▶ _Task details_:
Pictures in the data below are not part of the copy; transcribe everything else exactly.

▶ _Collected data_:
***
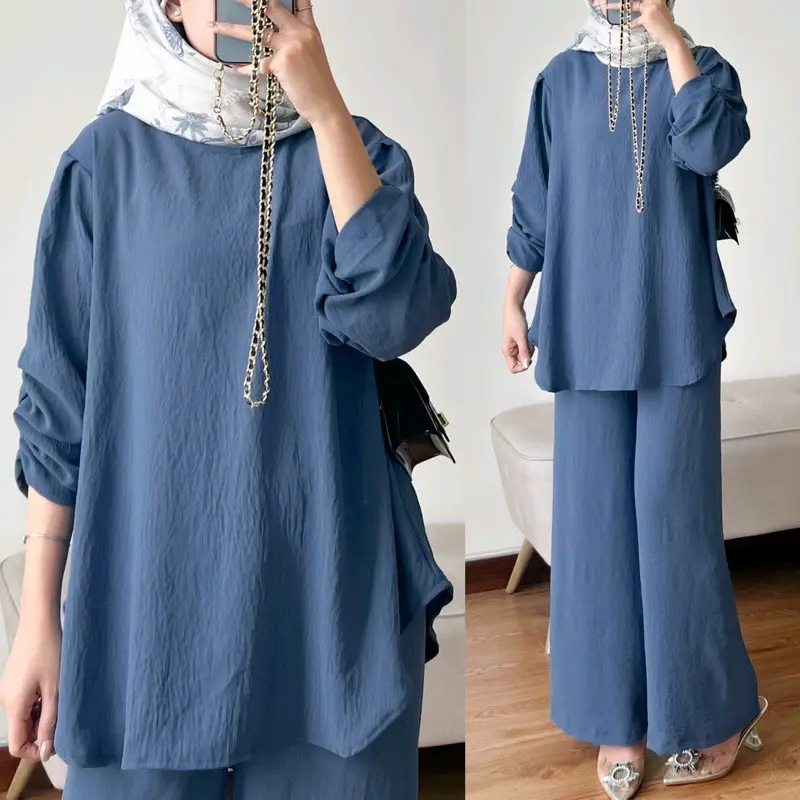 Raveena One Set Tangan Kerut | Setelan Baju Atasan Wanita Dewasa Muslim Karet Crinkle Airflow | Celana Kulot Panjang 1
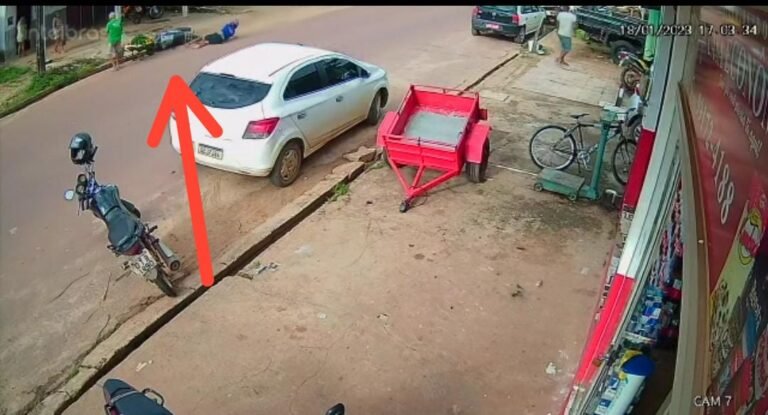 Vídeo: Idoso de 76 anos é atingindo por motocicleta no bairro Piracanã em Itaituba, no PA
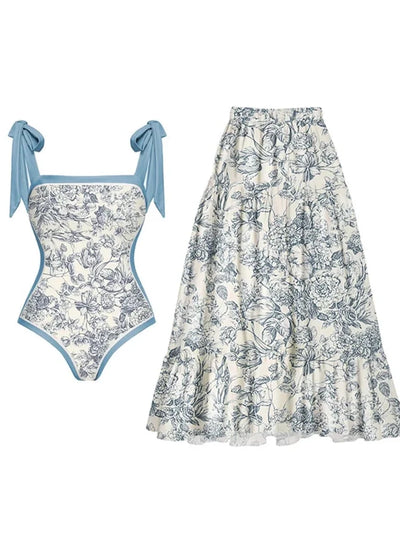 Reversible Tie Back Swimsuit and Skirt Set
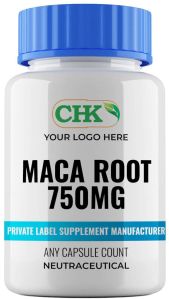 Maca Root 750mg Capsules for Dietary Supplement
***
▶ _Result of this task_:
 Raveena One Set Tangan Kerut | Setelan Baju Atasan Wanita Dewasa Muslim Karet Crinkle Airflow | Celana Kulot Panjang 1
 Vídeo: Idoso de 76 anos é atingindo por motocicleta no bairro Piracanã em Itaituba, no PA
 Reversible Tie Back Swimsuit and Skirt Set
 Maca Root 750mg Capsules for Dietary Supplement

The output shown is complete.